The law applied to the whole nation of Israel, and its penalty for violation was death (Ex. 31:14). However, the nation proved to be lax in keeping the law, and there were only a few times when the death penalty was imposed. Because the Sabbath was given as a sign of their covenant relationship, it became the standard of measure for their spiritual health. The Sabbath was a very special period and served as a constant reminder to Israel that they were a chosen nation and that they had pledged to be obedient to the directive will of their Husband and their God.
Not only were the people to rest and refresh their bodies every seventh day, but the land must also rest every seventh year. “Six years you shall sow your field, and six years you shall prune your vineyard, and gather its fruit; but in the seventh year there shall be a sabbath of solemn rest for the land, a sabbath to the Lord. You shall neither sow your field nor prune your vineyard” (Lev. 25:3-4, NKJV).
The pattern of sevens reflected in the festivals is now extended to the land. During the Sabbath Year, the land lay fallow, and the people were freed from much of their work and were taught and trained in the law. In addition, man and beast ate from what they had stored before the Sabbath Year. Any food that grew wild was available to people experiencing poverty. Debts were also forgiven at the end of the Sabbath Year.
Israel was lax in keeping this commandment. One of the reasons the southern kingdom was taken into captivity by the Babylonians was because they were not keeping the Sabbath Year – apparently for 490 years. “And those who escaped from the sword he carried away to Babylon, where they became servants to him and his sons until the rule of the kingdom of Persia, to fulfill the word of the Lord by the mouth of Jeremiah, until the land had enjoyed her Sabbaths. As long as she lay desolate she kept Sabbath, to fulfill seventy years” (2 Chr. 36:20-21, NKJV).
The fiftieth year, following the seventh sabbatical year, was an extra fallow year for the land. “And you shall consecrate the fiftieth year, and proclaim liberty throughout all the land to all its inhabitants. It shall be a Jubilee for you; and each of you shall return to his possession, and each of you shall return to his family” (Lev. 25:10, NKJV). “The land shall not be sold permanently, for the land is Mine; for you are strangers and sojourners with Me. And in all the land of your possession you shall grant redemption of the land” (Lev. 25:23-24, NKJV).

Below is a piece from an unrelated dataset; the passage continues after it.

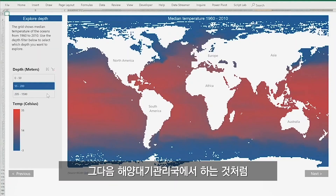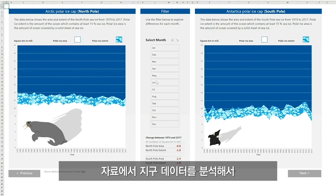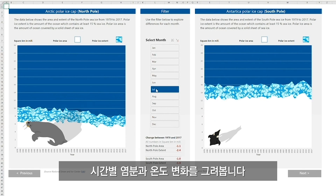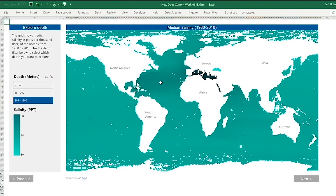Finally, they analyze global data from sources like the National Oceanographic Atmospheric Administration to visualize changes in salinity and temperature over time.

The year of Jubilee was when men were freed, and their property was restored. This reminded the people that the land belonged to God, thus preventing the wealthy from amassing land and slaves. Today, recessions, depressions, and reevaluations often occur and accomplish the same thing. What a contrast between God’s way and man’s way!
One cannot study the Jewish religious ordinances without noticing the recurrence of the number seven. Seven denotes completeness and is used as a structural element in the Mosaic religious ceremonial system. Notice that every seventh day was a Sabbath, every seventh year was a Sabbatical year, and every seventh Sabbatical year was followed by the Jubilee year. Every seventh month was a month of feasts. There were seven weeks between the Passover and the Pentecost feast. The Feast of Passover/Unleavened Bread and the Feast of Tabernacles lasted seven days. We also see the sevens in the number of animals sacrificed. Fourteen (twice seven) lambs were offered at the Passover and the feast of Tabernacles. The entire Levitical system was run on wheels of seven cycles and pointed to what was completed in the first advent of Christ.
We see this same system of sevens used in the Book of Revelation in the chapters that point to the events that will occur just before the Second Advent of Christ.